"My only point is that we do look at the 'mechanistic' issue, too, and
often the underlying pathology creates the other issues such as the
associated mental/ emotional, resulting environmental barriers, etc., which
would have otherwise been an non-issue. Sometimes, taking care of those
'mechanistic' issues helps to eliminate or mitigate the rest, and sometimes
they don't.
Since, in the world arena, OTs are mainly involved in
the medical model/ with physical dysfunction issues, OTs should be in tune
to be a holistic practitioner in this arena versus taking a reductionistic
approach. I do not see the reason why a OT should wait for the UE strength/
ROM to be increased by a PT before beginning dressing training
My major contention is that
physical functioning is a very true and major part of occupational
functioning and, sometimes in cases of physical dysfunctions with no other
overtly mental/ emotional/ social dysfunction, may even become inseperable.

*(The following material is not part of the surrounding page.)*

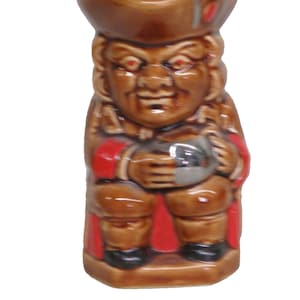 May include: A brown ceramic figurine of a man in a hat and red-trimmed coat, holding a silver object. The figurine has a stern expression and is standing upright. The base is rectangular.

In such cases too, while OTs are addressing the physical functioning issues
directly, they are certainly addressing the occupational goals of their
clients (or should be), helping them to 'occupy' their lives in meaningful
activities in a pain free, effective, time-sensitive, aesthetic-deligent
world."
Very well put, Joe. This post indicates an excellent _expression_ of the successful role that OTs can and do play in the actual work environment many of us function in-that of acute care, rehabilitation and outpatient centers, and nursing homes.